Once the line holding "pink-mai online show" is found, output it and all remaining lines of the data exactly, with every picture left out.
──────── INPUT MATERIAL
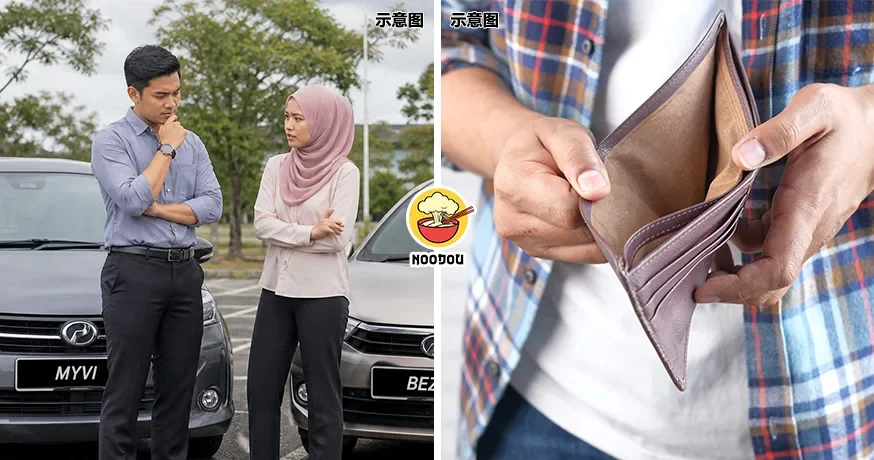 Fiance Sell Bezza Pay Myvi Ft Img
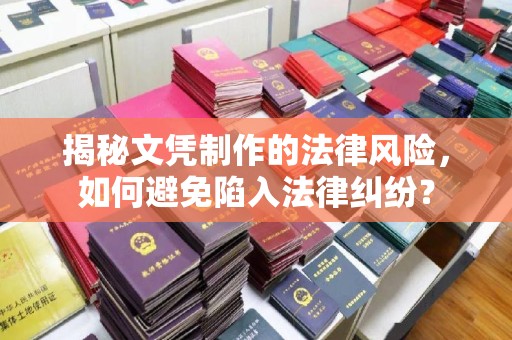瑞昌揭秘文凭制作的法律风险，如何避免陷入法律纠纷？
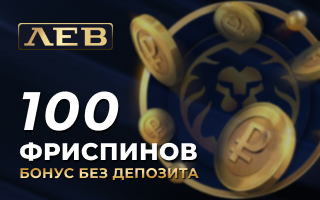 Бeздeпoзитный бoнуc в Lev Casino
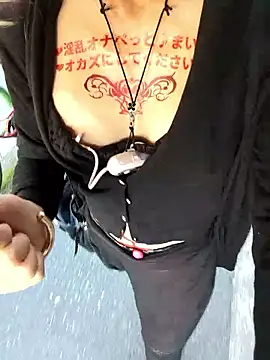 pink-mai online show from November 14, 11:57 pm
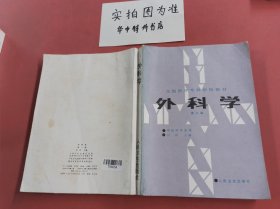 外科学：第二版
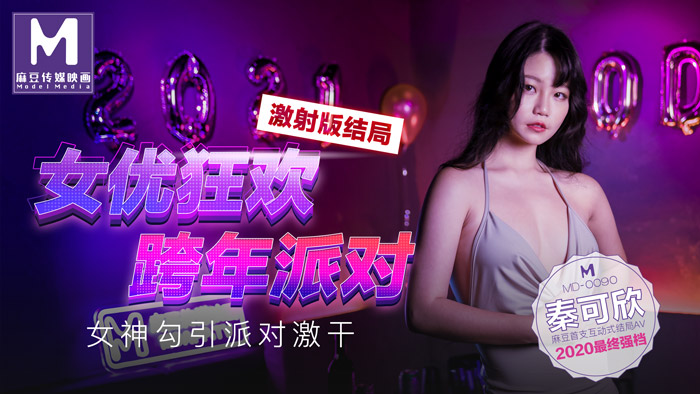 MD0090_女優狂歡跨年派對女神勾引派对激干激射AV篇官网封面图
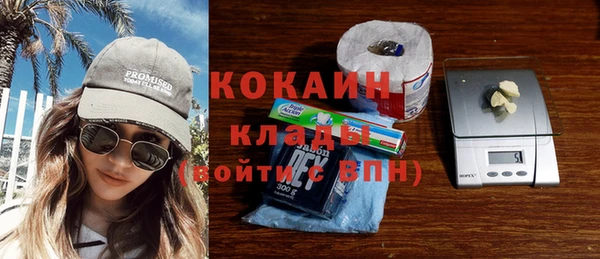 бошки Баксан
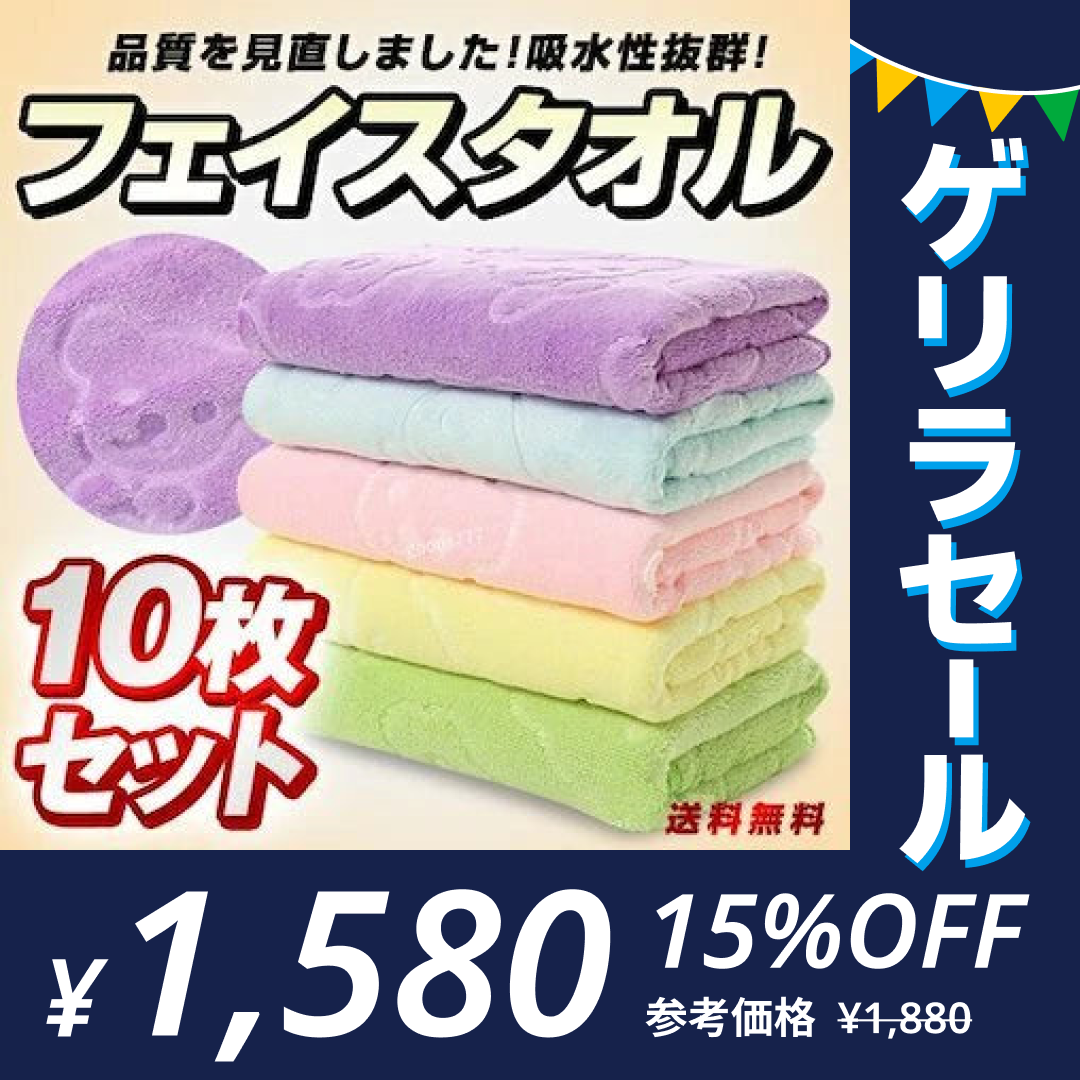 マイクロファイバー  フェイスタオル　10枚セット（5色x2枚ずつ）くま柄  【ゲリラセール】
────────────────
* **EXERCISE RESPONSE**
 pink-mai online show from November 14, 11:57 pm
 外科学：第二版
 MD0090_女優狂歡跨年派對女神勾引派对激干激射AV篇官网封面图
 бошки Баксан
 マイクロファイバー  フェイスタオル　10枚セット（5色x2枚ずつ）くま柄  【ゲリラセール】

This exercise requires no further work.